A privacy watchdog is calling on B.C.’s privacy commissioner to investigate whether police departments are being too intrusive in the questions posed to potential volunteers and employees.
The B.C. Freedom of Information and Privacy Association said several police departments are collecting “unnecessary, inappropriate and excessive personal information” from people applying for paid and unpaid positions.
The non-profit association was approached by someone applying for a volunteer position with the Delta Police Department’s community police section. They had been given a 25-page “integrity and lifestyle questionnaire” asking about sexual activity, drug use, finances and whether the applicant has ever been unemployed or on welfare.
Applicants also have to undergo a polygraph test and a background investigation and are told “deceit, dishonest or non-disclosure concerning questions in this document may result in your disqualification from current or future civilian employment opportunities.”
“This kind of statement encourages respondents to disclose further personal information even when it is not specifically asked for,” said Vincent Gogolek, the association’s executive director.
Once the privacy association started investigating, it found many police departments across B.C. have similar questionnaires, he said.
The association is asking B.C.’s information and privacy commissioner, Elizabeth Denham, to determine whether police departments are invading people’s privacy with these questions. Denham’s office confirmed it had received the complaint and said staff would be reviewing it before deciding whether to launch a formal investigation.
Delta police spokeswoman Sgt. Sarah Formby said this was the first time the department had heard concerns about its questionnaire. “As a result, we are conducting a review on our own and will also await the outcome of the investigation by the privacy commissioner.”
In Greater Victoria, the protocol for volunteer applications varies widely between departments.

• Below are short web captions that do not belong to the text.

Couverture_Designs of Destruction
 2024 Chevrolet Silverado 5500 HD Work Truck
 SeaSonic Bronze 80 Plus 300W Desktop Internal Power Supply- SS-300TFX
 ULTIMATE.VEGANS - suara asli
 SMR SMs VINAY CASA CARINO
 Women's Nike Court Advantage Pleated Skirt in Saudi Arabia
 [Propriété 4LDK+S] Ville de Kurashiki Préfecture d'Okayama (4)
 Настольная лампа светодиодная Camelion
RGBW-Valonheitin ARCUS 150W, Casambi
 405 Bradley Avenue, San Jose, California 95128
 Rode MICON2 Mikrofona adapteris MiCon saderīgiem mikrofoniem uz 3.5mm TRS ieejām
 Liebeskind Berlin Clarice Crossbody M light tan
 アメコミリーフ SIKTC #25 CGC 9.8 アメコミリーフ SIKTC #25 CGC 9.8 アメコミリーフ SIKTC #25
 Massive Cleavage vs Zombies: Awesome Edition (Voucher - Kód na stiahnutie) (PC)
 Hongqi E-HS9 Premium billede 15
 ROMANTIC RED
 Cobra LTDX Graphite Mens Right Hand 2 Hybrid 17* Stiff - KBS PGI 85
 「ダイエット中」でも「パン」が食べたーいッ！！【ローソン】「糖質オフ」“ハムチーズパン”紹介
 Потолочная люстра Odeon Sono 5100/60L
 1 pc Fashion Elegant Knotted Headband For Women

RCMP detachments ask their prospective volunteers to fill out a three-page application form with basic contact information, availability, reasons for applying, previous job and education experience and references. Applicants typically also undergo an interview and background check. Central Saanich police have a similar application form for volunteers.
However, the process for reserve constables is much more detailed. “We’re required by provincial policy to conduct screening to the same standard of police officers,” said Central Saanich deputy police chief Les Sylven. “They’re put in a position of trust and we need to know their background is clean.”
Oak Bay police deputy chief Kent Thom said the department doesn’t have an application form, but asks for a resumé. Applicants usually go through an interview process and background check but do not have to take a polygraph test.
Thom said he can see how people might take exception with some questions on the Delta police questionnaire. He said Oak Bay police has never received complaints about asking for too much personal information.
“We have to be very careful about who we allow into our building and allow access to sensitive information, so sometimes we have to be very specific when we’re asking people for information,” Thom said. “But there is a fine line and you can’t step over it and violate people’s privacy.”
In April, Denham slammed police departments for handing out unnecessary personal information in employment-related records checks, including information that has not led to a criminal conviction or charge and mental-health information such as suicide attempts.
The Victoria Police Department has stopped doing criminal record checks until the province comes up with new legislation regarding what information should be released.